When I am using the entire graph consisting of protein, drug and disease nodes, wouldn’t the connection to the protein nodes affect the representation of the drug and disease nodes? What I mean is that protein nodes have an effect on the updated representation of the drug and disease nodes, right? And they are in the sampled graphs from the EdgeDataLoader , so therefore they will be trained on.

Yes, you are right.

In my held-out test set I only have drug and disease nodes, therefore no protein representations.

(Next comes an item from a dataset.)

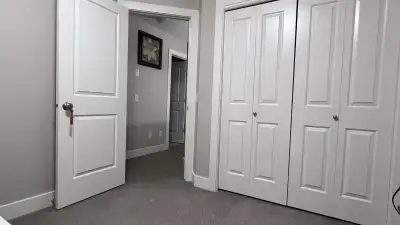 2 available room for rent $600 each room. Walking distance to walmart emerald hills. Looking for pin...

Is there an overlapping between the drug/disease nodes in the test set and the drug/disease nodes in the training set?

I used the EdgeDataLoader to construct the blocks.

And I think I found the bug. It was actually about passing the entire inputs to the self.conv and handling the format (tuple of tensors or not) already in the RelGraphConv. I added this to the RelGraphConv and adapted the entire pipeline accordingly, so now it seems to work!!!

        if isinstance(h, tuple) or g.is_block:
            if isinstance(h, tuple):
                _, inputs_dst = h
            else:
                inputs_dst = {k: v[:g.number_of_dst_nodes(k)] for k, v in h.items()}

        hs = self.conv(g, h, mod_kwargs=wdict)

No, there is no overlap between the training set and the held out test set.

Are test drug/disease nodes connected to the training drug/disease nodes via some relations like drug-treats-disease or drug-interacts-drug? If not, then incorporating relations involving proteins might not be helpful at all.